Miraculously, after only 2 weeks the virus had become undetectable and still remains undetectable through today.

“It’s a huge burden off my back, I’m able to plan for the future more,” Keegan said. “I have some concerns still with my cirrhosis, but I don’t have a chronic incurable disease anymore. It’s gone, I’m cured.”

Besides being cured, Keegan’s experience with the combination therapy drugs has been a positive one.

“I barely even noticed the side effects of the actual cure,” he said. “It was nothing compared to the other therapies myself and others have gone through. It’s a walk in the park.”

This journey has been a long and painful one for Keegan and he dealt with it in different ways. He chose to read a lot of books about staying positive, the power of the mind, perseverance, and staying optimistic. He also utilized his good work ethic to approach both his career and beating his disease.

“You must have hope,” Keegan said. “But I believe hope is just a hollow, fragile word unless it’s accompanied by your inner strength and perseverance, and optimism and positive thought, you don’t have those in order for hope to live.”

Keegan also had many devoted doctors to help him get through the process to find treatments that would work for him.

“Without the dedication of my doctors and their support, I may not have been able to have made this journey,” Keegan said.

His advice for other patients with HCV, or those who suspect they may have HCV, is to face the disease head on.

“People need to get real and get tested,” Keegan advised. “This is a slow killer, but there is a cure now.
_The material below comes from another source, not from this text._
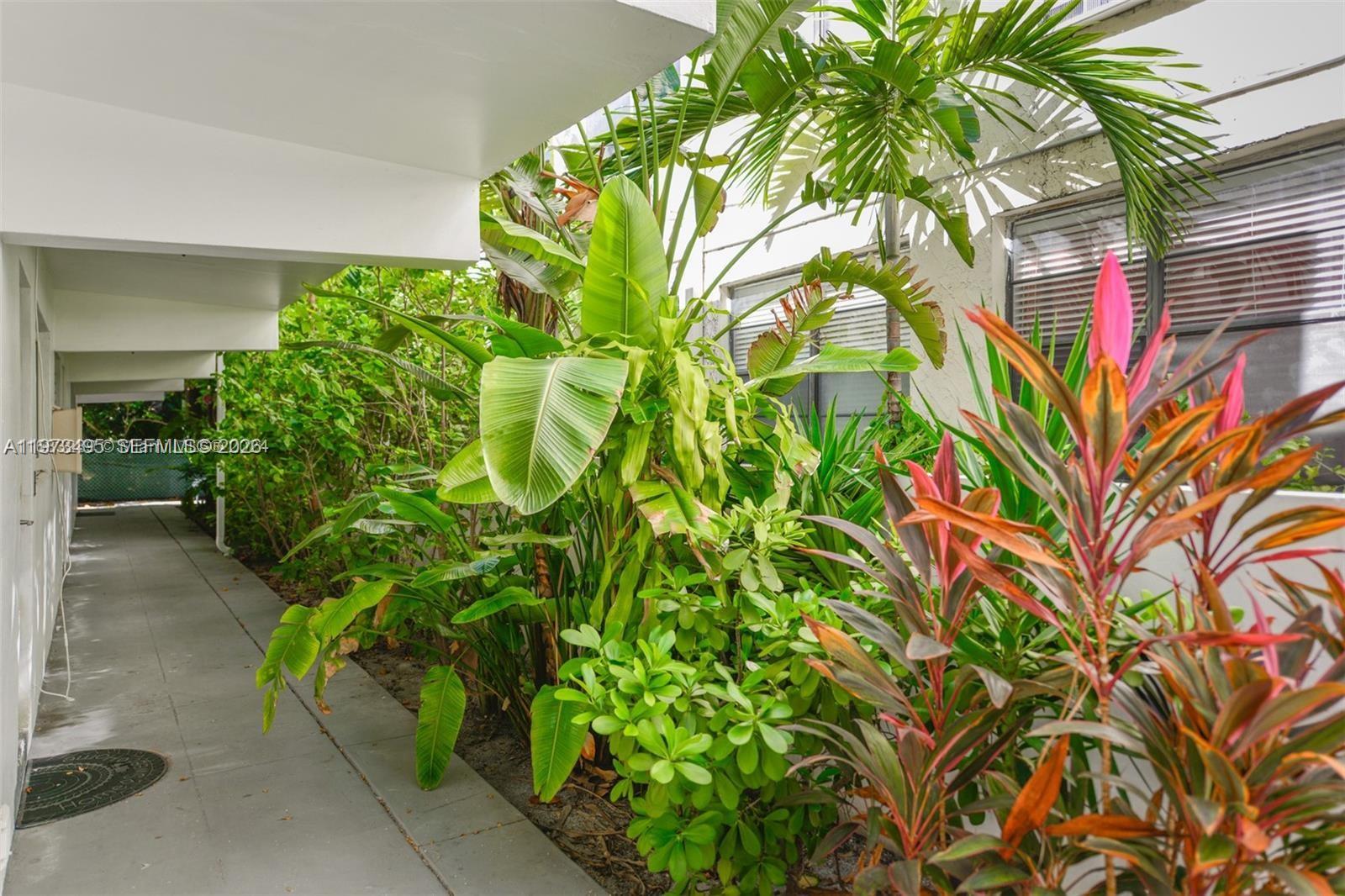 PLAZA CONDO - Residential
Myself and others have gone through the hard part, it’s easy now. Get tested, ask the doctor to check for hepatitis C. If you have it, you change your lifestyle a little bit. Don’t drink, make those changes as soon as you find out, and get the cure so you can extend your life. It’s never too late to do something about this.”
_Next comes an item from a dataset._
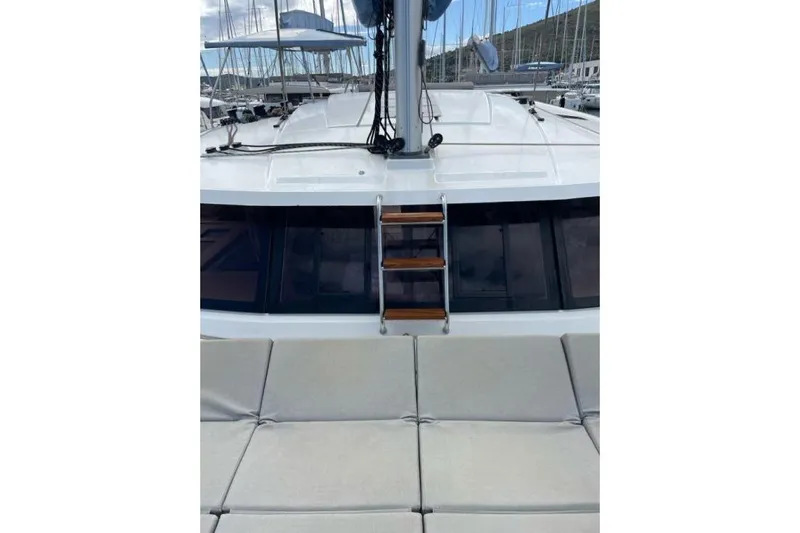 Cata Del Mar Yacht Photos Pics Forward Cockpit Cushion View (3)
Keegan remains driven by his belief that through the power of the mind, people can achieve anything.

“People can quit anything if they really want to,” he said. “The mind is incredibly powerful, you can do anything once you’ve made up your mind to do it. But don’t do it just because someone wants you to, because your mind hasn’t been made up.”

Keegan emphasized that the pull of certain vices can be a powerful obstacle to overcome, but is an issue many people must face head on at some point.

“That’s why people revert back to drugs, revert back to drinking or smoking cigarettes,” Keegan noted. “They’re not doing it for themselves, they’re doing it to appease someone and they don’t really want to do it. I quit smoking when my daughter was born because I wanted to do it, and I stopped smoking. I quit drinking because I found out I had hepatitis. I didn’t want to quit drinking. I’m Australian. It’s in our culture, but I had to. That’s my advice, anyone can do anything if they really want to and decide to.”

Although the cirrhosis that has occurred in his liver cannot be undone, the cure should help slow things down. He also tries to eat healthy, drink plenty of water, and continue to have a positive outlook.

He also hopes that his biopsy donation helped others suffering from HCV.

“I hope others don’t get to the point where I was with the cirrhosis,” he said. “Get tested. It’s a slow killer but there is a cure. Do it for yourself.”